Fig 1.
The flowchart of the analysis.
Using DNA motifs, including known TF motifs (TF motifs), histone associated motifs (Histone motifs) and DNA methylation associated motifs (Methyl motifs) to represent epigenetic states, we built a contextual regression (CR) model to predict regional mutation rates. As the majority of the mutations are related to the local epigenetic state and independent from the disease state (grey dots), this CR model can quantify the relationship between DNA motifs and somatic mutation rates. Importantly, the CR model revealed the motifs most predictive of somatic mutations (right branch) and the predicted mutation values allowed classification of cancer types using the cancer-related regions with significantly higher mutation rates than predicted (left branch). In the scatter plot, each point represents a training/testing instance, which is the predicted/measured mutation rate of a genomic region. The mutation rate is the log2(MutationRate+1), which is consistent with Fig 2C. The rows of the heatmap are important motifs and the columns are different types of cancers.
Fig 2.
The contextual regression model successfully predicted somatic mutation rates in 13 tumors.

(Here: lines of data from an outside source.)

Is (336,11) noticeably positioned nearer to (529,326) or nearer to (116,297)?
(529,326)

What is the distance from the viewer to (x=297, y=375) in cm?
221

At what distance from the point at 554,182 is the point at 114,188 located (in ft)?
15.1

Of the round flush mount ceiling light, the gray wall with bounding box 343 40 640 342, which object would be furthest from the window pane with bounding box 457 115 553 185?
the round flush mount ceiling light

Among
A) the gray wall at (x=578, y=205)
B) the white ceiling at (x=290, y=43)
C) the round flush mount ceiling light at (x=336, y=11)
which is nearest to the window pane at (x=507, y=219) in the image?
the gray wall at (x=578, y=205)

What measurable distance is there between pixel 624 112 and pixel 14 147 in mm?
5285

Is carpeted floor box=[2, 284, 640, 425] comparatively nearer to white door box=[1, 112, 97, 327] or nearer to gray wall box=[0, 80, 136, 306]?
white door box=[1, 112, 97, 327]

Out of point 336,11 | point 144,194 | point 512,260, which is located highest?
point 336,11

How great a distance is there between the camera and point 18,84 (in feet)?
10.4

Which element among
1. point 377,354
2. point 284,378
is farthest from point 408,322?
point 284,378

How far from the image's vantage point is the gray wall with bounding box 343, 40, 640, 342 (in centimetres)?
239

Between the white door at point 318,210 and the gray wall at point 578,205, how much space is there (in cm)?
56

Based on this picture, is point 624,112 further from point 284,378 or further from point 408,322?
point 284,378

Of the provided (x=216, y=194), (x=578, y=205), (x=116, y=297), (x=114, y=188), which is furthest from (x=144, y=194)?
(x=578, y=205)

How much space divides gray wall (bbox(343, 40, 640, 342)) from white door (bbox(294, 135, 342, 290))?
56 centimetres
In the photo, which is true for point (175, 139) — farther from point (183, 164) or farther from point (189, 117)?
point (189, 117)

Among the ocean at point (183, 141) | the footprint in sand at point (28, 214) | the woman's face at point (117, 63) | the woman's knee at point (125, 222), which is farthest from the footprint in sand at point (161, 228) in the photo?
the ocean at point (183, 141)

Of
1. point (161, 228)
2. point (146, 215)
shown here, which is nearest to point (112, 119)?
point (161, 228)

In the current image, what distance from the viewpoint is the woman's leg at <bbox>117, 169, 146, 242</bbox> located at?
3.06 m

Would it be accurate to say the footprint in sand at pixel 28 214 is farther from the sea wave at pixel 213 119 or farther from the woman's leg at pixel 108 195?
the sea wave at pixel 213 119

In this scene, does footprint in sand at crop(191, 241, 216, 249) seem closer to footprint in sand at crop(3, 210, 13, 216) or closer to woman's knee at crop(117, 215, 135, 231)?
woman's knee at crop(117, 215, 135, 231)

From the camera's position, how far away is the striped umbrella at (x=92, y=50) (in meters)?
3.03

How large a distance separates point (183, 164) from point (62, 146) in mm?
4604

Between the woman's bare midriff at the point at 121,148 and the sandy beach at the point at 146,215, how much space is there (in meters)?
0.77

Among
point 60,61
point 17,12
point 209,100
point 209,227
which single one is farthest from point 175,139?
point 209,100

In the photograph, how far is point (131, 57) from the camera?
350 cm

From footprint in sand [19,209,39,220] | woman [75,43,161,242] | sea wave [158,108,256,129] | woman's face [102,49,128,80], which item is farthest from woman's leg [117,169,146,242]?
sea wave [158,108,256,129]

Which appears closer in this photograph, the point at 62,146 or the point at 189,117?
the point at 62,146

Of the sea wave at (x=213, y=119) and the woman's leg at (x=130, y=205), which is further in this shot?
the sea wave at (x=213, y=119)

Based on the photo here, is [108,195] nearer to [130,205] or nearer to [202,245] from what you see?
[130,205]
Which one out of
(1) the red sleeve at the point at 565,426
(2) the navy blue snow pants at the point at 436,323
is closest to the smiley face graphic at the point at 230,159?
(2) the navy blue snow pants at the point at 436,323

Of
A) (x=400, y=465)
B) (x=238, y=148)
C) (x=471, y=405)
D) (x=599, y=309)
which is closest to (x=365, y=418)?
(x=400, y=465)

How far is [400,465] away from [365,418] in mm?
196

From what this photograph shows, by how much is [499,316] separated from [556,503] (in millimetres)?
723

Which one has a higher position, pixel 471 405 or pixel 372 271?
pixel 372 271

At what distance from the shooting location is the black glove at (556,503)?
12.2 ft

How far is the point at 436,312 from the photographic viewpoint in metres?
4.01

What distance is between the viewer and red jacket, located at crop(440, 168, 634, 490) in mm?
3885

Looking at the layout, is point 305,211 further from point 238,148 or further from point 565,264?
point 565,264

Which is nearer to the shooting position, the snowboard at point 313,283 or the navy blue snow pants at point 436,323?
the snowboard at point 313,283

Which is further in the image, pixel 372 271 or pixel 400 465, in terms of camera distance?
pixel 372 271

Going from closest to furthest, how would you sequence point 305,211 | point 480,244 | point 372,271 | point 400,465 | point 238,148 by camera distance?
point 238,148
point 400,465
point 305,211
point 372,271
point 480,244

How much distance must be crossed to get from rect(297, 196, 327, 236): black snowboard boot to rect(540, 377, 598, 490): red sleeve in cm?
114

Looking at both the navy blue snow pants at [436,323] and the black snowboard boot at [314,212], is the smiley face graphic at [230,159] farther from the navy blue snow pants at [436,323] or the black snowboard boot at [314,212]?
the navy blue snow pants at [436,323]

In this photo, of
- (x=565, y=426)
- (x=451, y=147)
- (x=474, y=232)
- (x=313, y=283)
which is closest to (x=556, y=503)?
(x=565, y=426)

(a) The structure of the contextual regression model; (b) For each tumor type, 10-fold cross validation was performed and the Pearson correlation coefficient was calculated between the predicted and measured values. "Training accuracy" and "Testing accuracy" represent the average of Pearson correlation coefficients in the training, testing datasets respectively. "Included for re-training" indicates which data set was included for re-training the CR model after removing the cancer-related regions (i.e. the regions with mutation rates significantly deviating from the predicted values). "Testing accuracy of the re-trained model" represents the correlation using the re-trained CR model obtained from the interactive procedure (see Online Methods). Because the regions from a tumor type in the test set may overlap with the regions included in the merged dataset for training, the overlapped regions were removed and Pearson correlation coefficients are shown as "Testing accuracy after removing overlapping regions"; (c) The scatter plot for one fold from the 10-fold cross validations in which chr1 and chr11 were left out as the testing set; (d) The scatter plot for prediction in Lymph-CLL testing set using the re-trained CR model.
Fig 3.
Analysis of the cancer-independent regions.

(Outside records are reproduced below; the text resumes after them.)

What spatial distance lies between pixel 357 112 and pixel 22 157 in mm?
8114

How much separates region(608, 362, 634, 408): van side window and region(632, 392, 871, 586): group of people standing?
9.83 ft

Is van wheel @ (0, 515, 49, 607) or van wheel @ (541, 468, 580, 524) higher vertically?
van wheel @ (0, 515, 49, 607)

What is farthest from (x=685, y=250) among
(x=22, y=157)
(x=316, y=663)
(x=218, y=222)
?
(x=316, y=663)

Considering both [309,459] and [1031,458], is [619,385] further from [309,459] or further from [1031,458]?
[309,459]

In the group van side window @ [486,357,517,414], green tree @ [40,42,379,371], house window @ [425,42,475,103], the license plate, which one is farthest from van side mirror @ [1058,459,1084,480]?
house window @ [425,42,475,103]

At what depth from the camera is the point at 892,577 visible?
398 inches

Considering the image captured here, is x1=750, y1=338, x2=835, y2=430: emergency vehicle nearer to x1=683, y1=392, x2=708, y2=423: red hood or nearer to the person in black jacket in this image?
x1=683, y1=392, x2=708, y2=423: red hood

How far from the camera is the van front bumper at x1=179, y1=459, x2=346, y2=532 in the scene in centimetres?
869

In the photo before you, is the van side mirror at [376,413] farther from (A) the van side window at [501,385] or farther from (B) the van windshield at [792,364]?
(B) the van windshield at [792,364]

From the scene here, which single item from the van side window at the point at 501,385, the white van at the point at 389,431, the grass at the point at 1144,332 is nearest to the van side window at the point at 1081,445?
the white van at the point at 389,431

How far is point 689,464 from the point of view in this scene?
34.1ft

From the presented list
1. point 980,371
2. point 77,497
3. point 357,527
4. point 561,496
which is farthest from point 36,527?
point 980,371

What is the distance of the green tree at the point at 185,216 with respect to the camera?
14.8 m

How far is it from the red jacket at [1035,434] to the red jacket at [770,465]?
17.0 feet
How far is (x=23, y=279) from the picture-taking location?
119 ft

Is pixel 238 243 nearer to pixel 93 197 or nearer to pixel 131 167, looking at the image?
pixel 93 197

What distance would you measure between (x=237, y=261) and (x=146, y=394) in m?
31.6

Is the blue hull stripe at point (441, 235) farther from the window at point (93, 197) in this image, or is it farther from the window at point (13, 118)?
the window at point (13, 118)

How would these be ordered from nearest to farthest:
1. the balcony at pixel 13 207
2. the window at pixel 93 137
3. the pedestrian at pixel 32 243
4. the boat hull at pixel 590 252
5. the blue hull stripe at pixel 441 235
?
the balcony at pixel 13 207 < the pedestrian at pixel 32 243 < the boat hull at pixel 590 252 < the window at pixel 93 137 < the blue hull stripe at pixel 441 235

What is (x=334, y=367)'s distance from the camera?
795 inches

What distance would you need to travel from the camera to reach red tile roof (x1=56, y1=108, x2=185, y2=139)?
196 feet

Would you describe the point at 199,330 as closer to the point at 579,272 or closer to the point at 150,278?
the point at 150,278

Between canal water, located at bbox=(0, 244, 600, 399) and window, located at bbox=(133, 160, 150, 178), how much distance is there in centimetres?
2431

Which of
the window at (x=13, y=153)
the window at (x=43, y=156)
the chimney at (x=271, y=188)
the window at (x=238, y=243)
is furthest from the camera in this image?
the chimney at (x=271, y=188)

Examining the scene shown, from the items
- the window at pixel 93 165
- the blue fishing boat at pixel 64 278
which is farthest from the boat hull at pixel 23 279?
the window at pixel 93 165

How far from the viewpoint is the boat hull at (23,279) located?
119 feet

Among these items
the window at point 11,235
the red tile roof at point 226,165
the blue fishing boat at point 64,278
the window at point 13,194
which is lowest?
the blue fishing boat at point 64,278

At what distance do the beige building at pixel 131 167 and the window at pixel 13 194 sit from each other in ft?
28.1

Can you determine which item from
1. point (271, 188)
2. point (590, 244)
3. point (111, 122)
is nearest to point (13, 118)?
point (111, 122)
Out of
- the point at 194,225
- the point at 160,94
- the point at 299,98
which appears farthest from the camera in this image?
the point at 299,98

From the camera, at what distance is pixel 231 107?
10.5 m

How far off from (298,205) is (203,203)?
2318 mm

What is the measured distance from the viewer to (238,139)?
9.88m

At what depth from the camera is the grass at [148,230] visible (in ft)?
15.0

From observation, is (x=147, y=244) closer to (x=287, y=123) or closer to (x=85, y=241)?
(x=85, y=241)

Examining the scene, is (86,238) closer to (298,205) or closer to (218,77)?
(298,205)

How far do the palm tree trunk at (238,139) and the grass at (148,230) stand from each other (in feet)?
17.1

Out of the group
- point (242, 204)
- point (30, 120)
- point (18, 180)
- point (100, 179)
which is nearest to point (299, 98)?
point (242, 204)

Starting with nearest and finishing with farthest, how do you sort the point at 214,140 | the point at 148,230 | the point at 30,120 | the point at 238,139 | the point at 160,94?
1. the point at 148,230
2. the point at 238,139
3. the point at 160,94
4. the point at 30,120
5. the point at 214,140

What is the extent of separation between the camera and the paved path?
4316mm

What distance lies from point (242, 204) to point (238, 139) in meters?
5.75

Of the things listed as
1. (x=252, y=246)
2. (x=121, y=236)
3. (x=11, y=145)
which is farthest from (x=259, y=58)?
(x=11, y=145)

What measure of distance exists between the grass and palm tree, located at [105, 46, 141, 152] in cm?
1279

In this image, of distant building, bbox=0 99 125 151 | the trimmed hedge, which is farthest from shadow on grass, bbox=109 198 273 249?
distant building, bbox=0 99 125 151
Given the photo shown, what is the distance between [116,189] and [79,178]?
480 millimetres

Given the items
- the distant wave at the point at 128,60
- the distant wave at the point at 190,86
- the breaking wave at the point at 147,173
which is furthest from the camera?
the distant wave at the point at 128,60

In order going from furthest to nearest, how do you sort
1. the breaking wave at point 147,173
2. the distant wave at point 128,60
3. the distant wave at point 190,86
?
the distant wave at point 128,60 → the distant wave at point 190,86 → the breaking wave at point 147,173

(a) The percentage of cancer-independent regions in the 13 cancer types. Percentage is calculated as the number of cancer-independent/related or ambiguous regions divided by the total number of regions in a cancer; (b) Cancer-independent regions clustered using the contextual weights of the motifs. For each of the 13 cancer types, the identified cancer-independent regions were clustered into 10 clusters using the Manhattan distance between the feature contextual weight vectors as the similarity metric. Each row is a motif with non-zero contextual weight, each column a cluster, and each entry is the average of a motif’s contextual weights in all the regions in a cluster. The clusters were further clustered into 10 groups; (c) The normalized mutation rate of each group, which is the z-score of mutation density (see methods for more details), varies significantly from the lowest in group A to the highest in group G; (d) The numbers of regions in the 10 groups; (e) The fold change of ChromHMM states in group A and each tumor. The fold change for each ChromHMM state is defined as the percentage of the state in group A divided by the percentage of the state in all the regions in a specific cancer.
Fig 4.
Identification of important motifs in cancer-independent regions.

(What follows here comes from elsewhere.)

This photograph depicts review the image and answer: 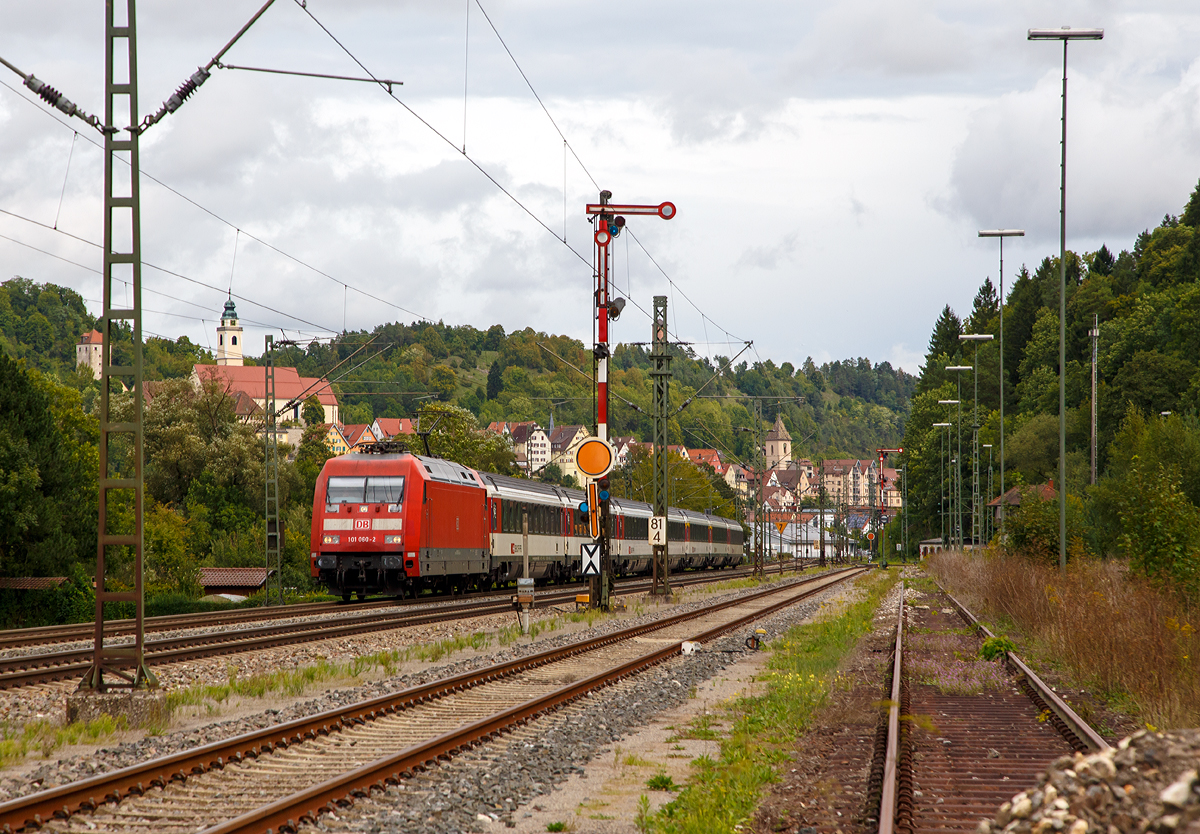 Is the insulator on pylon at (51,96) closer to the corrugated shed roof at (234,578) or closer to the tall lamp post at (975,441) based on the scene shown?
the tall lamp post at (975,441)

(a) The important features in the 10 groups. Blue and orange represent the negative and positive contextual weight, respectively; (b) The number of important motifs in each group; (c) The percentages of motif categories in each group; (d) The average mutation rates around the motifs with positive contextual weights are higher than those around the motifs with negative contextual weights in the group A regions; (e) Mutation rates around the motif sites (1kbp at each side of the motif) in the group A regions. The red and blue lines represent the motifs with positive and negative contextual weights, respectively. The motif site is at the center.
Fig 5.
Analysis of the cancer-related regions.
(a) The identified cancer-related regions in Breast-AdenoCA (red dots); (b)The enriched pathways for the cancer-related regions in Breast-AdenoCA; (c) The fold change and p-value for the motif disruption rates in the 13 tumors. The red line represents the p-value of 0.05; (d) The fold change of chromHMM state (same as that in Fig 3E) for the cancer-related regions in each tumor; (e) The percentages of motif types that were significantly disrupted in cancer-related regions; (f) The classification model performance. The confusion matrix for the classification model using the 150 selected cancer-related regions on the testing dataset. Rows and columns correspond to the true and predicted tumor types, respectively. Values are the number of donors classified correctly. For example, for the Prost−AdenoCA, 31 donors were correctly classified.